Cette histoire commence par un conte de fées et se termine en cauchemar. Je vous la raconte : il était une fois à Tinghir, petite ville berbère du centre-est marocain, dans la vallée du Draâ… Kamal, un jeune homme du terroir, parti tôt dans les valises de son père qui a migré en France, est aujourd’hui un chercheur passionné d’histoire et de cinéma. Quoi de plus simple, pour lui, que de revenir au bled, pour filmer et enquêter sur l’histoire oubliée de Tinghir. Histoire oubliée ? Oui, Tinghir a longtemps été l’un des hauts fiefs de la communauté juive marocaine. Des milliers de juifs berbères l’ont désertée au fil des exodes massifs des années 1950-60, abandonnant tout sur place. Un pan entier du patrimoine de Tinghir, des berbères et du Maroc, a ainsi été progressivement oublié, puisque les manuels scolaires ont déchiré cette page. Kamal, héritier de cette histoire, de ces histoires, a établi des ponts entre Tinghir et Jérusalem, où il est parti filmer ses anciens voisins aujourd’hui citoyens israéliens. Il a pu voir que si, à Tinghir, tout le monde a oublié (“Quoi, des juifs, ici ?” s’exclament, incrédules, les jeunes du village), de l’autre côté, à Jérusalem ou Haïfa, personne n’a oublié.

 

Il y a deux manières de considérer cette histoire de réconciliation et de retrouvailles. La première est de la trouver belle et émouvante. Humainement, et artistiquement, l’intention de réécrire ce qui a été effacé (la mémoire) est louable. Elle ressemble un peu à une chirurgie réparatrice qui ouvre les blessures pour effacer les bleus et retaper le corps malade. C’est la lecture la plus universelle et la plus juste.

 

La deuxième lecture possible, concédée sous le double prisme de la démagogie et du conflit israélo-arabe, consiste à rejeter cette histoire sous le prétexte qu’elle œuvre pour la normalisation-dédiabolisation de l’Etat d’Israël, laquelle normalisation, comme vous le savez, est un sujet tabou dans les sociétés arabes.

 

Si je vous en parle ici, c’est que la deuxième lecture, fallacieuse et scandaleuse, est en train de s’imposer au détriment de la première.

 

Le pitch que je vous ai résumé plus haut est celui de Tinghir – Jérusalem, un film documentaire réalisé par le Marocain Kamal Hachkar. Une version courte a été diffusée l’année dernière par la télévision marocaine, provoquant quelques remous, mais le film était resté inédit en salle. Le Centre cinématographique marocain a décidé de réparer cette anomalie en programmant le docu-fiction dans le cadre du Festival national du film marocain, qui s’ouvre cette semaine à Tanger. La réaction ne s’est pas fait attendre puisque, à Tanger, tout ce que le tissu social et politique compte comme représentants s’est levé comme un seul homme pour demander fièrement l’interdiction du film. Des islamistes au pouvoir (PJD) à ceux en dissidence (Al Adl Wal Ihsane), en passant par les syndicats (UMT, CDT), les ligues de droits de l’homme ou les partis de gauche (USFP, PPS), tous ont vu dans cette histoire un “danger” pour la jeunesse marocaine et une “trahison” pour la cause palestinienne.

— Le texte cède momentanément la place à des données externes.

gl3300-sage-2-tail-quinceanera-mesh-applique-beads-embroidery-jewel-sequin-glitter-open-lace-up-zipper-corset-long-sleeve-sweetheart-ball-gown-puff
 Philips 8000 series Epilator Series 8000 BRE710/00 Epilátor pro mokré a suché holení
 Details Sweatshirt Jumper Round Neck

Ceux qui ont vu tout cela n’ont pas vu le film. Ils ne connaissent ni l’art ni l’histoire. Ils sont un danger pour le présent et le futur de notre pays et de sa jeunesse. Ils ont le droit de dire ce qu’ils veulent, même si c’est du n’importe quoi. Mais nous avons le devoir de protéger les artistes et les chercheurs marocains contre ces appels à la haine, à Tanger, à Tinghir ou ailleurs. Amen.